Purpose: Gemcitabine-platinum combination activity has been clearly established in a number of phase II studies. It has also been compared against other combinations in many phase III trials. It is generally believed that all such regimens have an equivalent impact on survival. This meta-analysis aims to quantify the treatment effect of gemcitabine plus a platinum agent in the treatment of advanced NSCLC and compare the combination to other regimens used globally.
Design: Data from a total of 4556 patients from 13 randomized trials investigating gemcitabine in combination with a platinum agent versus any other platinum-containing regimen were included in a meta-analysis of time-to-event outcomes.

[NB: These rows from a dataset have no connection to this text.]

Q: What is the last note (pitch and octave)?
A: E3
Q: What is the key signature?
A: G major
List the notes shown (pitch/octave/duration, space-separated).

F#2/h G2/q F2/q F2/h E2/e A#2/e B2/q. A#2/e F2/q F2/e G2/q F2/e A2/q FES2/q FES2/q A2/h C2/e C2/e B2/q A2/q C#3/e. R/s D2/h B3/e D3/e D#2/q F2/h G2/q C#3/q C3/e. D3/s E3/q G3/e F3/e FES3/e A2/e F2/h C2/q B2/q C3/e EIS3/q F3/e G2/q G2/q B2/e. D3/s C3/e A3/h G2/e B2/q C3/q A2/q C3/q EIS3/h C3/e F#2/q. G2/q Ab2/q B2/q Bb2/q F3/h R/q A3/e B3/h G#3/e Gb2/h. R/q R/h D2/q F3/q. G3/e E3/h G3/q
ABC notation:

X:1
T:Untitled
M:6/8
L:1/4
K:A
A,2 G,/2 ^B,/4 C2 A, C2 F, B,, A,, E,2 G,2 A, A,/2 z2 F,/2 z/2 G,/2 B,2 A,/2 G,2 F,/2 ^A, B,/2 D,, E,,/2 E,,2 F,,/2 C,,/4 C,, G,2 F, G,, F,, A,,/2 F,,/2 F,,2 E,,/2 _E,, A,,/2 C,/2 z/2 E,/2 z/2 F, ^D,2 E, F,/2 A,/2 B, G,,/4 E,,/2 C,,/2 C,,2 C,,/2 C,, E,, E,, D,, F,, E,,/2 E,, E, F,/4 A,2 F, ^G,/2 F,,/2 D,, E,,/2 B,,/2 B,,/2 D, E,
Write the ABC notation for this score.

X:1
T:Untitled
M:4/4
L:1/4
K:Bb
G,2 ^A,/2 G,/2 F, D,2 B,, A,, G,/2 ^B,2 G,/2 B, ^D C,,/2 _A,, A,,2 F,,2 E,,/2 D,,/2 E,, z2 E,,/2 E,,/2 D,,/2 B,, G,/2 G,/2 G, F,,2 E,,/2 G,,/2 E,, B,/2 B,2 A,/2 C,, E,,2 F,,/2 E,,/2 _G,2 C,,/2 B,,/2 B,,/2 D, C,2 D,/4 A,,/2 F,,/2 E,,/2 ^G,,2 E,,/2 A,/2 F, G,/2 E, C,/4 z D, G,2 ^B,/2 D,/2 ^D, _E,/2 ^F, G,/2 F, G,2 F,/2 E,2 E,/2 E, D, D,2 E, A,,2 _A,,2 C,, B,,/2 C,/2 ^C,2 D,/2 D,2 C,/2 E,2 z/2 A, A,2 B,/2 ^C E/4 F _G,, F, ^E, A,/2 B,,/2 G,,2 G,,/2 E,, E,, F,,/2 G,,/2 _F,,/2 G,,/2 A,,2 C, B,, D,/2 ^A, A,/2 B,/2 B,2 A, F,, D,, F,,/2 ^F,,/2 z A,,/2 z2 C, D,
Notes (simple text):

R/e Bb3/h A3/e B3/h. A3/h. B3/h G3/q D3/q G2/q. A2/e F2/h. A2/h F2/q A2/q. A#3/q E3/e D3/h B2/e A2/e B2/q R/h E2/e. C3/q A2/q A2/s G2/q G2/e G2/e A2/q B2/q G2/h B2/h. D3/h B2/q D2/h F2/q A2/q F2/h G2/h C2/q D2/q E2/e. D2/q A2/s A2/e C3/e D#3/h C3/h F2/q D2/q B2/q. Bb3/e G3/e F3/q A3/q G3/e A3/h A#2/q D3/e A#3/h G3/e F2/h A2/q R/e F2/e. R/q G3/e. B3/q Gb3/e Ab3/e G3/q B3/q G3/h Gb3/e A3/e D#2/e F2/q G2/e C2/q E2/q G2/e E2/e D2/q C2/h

Results: A significant reduction in overall mortality in favor of gemcitabine-platinum regimens was observed, hazard ratio (HR) 0.90 (95% CI: 0.84-0.96) with an absolute benefit at 1 year of 3.9%. Median survival was 9.0 months for the gemcitabine-platinum regimens and 8.2 months for the comparator regimens. Sub-group analysis of the first- and second-generation platinum-based comparator regimens also indicated a significant benefit for gemcitabine-platinum regimens, HR 0.84 (CI: 0.71-0.9985). Analysis of third-generation agent plus platinum regimens showed a non-significant trend favoring gemcitabine-platinum regimens, HR 0.93 (CI: 0.86-1.01). There was a significant decrease in the risk of disease progression in favor of gemcitabine-platinum regimens, HR 0.88 (CI: 0.82-0.93). An absolute benefit of 4.2% at 1 year was estimated. Median progression-free survival was 5.1 months for gemcitabine-platinum regimens compared with 4.4 months for the comparator regimens. Sub-group analysis indicated a statistically significant progression-free survival benefit for patients assigned to gemcitabine-platinum treatment compared to first- and second-generation platinum regimens, HR 0.85 (CI: 0.77-0.94), and third-generation agent plus platinum regimens, HR 0.89 (CI: 0.82-0.96).